WORK TO COMPLETE>
For each line of the listing below that contains the string "Premium", copy the line.

DATA FOR PROCESSING>
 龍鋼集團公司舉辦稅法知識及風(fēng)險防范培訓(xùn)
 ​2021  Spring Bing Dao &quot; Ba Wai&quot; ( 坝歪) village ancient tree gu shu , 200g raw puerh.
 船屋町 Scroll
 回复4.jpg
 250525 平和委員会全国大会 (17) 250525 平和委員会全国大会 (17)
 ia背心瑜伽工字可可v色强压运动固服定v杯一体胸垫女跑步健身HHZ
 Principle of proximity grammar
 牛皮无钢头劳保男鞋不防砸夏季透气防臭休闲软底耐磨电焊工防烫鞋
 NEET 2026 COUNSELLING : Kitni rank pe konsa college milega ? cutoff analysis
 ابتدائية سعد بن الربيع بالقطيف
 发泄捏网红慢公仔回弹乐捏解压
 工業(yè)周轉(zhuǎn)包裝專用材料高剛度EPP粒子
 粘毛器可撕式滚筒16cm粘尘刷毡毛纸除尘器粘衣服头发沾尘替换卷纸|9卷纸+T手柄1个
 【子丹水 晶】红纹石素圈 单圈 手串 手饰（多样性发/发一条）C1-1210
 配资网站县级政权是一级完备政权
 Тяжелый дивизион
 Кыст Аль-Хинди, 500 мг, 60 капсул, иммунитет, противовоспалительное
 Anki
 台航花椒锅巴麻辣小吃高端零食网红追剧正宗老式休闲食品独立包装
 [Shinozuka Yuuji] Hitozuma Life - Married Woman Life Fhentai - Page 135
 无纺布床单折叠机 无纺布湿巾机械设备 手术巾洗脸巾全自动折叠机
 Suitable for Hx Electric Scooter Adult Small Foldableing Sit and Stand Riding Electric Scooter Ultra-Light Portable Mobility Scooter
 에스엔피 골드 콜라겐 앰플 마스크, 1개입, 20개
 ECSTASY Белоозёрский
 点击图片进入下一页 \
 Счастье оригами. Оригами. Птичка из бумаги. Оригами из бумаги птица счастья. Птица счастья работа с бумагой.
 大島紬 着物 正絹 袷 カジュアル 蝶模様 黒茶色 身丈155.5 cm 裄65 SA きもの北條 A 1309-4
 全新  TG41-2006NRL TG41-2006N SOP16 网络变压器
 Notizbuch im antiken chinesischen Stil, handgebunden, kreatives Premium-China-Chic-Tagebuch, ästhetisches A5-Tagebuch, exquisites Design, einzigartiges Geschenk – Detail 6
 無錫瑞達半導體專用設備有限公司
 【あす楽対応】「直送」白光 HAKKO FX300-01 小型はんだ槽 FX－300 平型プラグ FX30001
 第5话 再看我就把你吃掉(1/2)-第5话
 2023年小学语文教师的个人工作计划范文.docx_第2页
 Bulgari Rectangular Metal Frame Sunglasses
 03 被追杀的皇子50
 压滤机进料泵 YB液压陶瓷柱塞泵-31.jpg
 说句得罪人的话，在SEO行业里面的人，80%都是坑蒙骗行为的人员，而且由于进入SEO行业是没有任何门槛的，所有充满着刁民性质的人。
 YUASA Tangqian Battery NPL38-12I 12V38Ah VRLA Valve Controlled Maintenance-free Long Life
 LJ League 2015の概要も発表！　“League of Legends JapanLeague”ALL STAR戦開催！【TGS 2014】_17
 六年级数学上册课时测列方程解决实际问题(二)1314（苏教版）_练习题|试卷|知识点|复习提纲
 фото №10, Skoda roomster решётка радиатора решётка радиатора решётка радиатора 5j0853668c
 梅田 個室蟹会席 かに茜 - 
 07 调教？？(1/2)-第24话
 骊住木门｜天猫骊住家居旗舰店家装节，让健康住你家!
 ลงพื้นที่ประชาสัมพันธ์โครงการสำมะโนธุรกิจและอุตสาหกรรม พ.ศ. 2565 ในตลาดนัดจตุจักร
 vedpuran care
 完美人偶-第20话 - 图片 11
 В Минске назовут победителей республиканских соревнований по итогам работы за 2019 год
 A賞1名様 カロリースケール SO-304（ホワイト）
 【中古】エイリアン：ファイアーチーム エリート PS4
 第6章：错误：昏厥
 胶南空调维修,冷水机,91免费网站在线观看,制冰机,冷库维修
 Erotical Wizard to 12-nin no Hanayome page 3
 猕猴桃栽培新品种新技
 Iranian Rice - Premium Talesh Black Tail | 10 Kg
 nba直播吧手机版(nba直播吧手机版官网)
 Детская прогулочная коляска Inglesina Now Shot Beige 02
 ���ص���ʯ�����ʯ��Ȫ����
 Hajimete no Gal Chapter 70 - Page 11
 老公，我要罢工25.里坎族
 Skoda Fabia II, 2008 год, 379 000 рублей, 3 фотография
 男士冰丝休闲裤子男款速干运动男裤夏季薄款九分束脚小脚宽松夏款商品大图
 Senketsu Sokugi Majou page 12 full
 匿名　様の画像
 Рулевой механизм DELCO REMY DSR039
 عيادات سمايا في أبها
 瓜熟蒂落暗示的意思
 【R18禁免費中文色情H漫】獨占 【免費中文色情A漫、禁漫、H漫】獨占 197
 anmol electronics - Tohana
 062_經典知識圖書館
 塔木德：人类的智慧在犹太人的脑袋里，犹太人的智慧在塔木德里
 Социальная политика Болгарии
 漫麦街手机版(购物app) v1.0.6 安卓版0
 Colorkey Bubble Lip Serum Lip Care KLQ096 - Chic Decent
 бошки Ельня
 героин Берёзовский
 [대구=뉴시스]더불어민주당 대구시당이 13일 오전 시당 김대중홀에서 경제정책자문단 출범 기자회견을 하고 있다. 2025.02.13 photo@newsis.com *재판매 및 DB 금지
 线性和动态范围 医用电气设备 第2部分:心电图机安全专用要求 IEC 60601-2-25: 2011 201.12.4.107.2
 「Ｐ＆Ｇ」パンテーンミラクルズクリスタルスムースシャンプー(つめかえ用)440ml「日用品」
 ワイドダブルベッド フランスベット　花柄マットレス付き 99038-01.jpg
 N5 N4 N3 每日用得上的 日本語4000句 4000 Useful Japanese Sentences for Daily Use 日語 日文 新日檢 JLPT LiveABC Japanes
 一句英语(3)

WRITTEN RESPONSE>
 Notizbuch im antiken chinesischen Stil, handgebunden, kreatives Premium-China-Chic-Tagebuch, ästhetisches A5-Tagebuch, exquisites Design, einzigartiges Geschenk – Detail 6
 Iranian Rice - Premium Talesh Black Tail | 10 Kg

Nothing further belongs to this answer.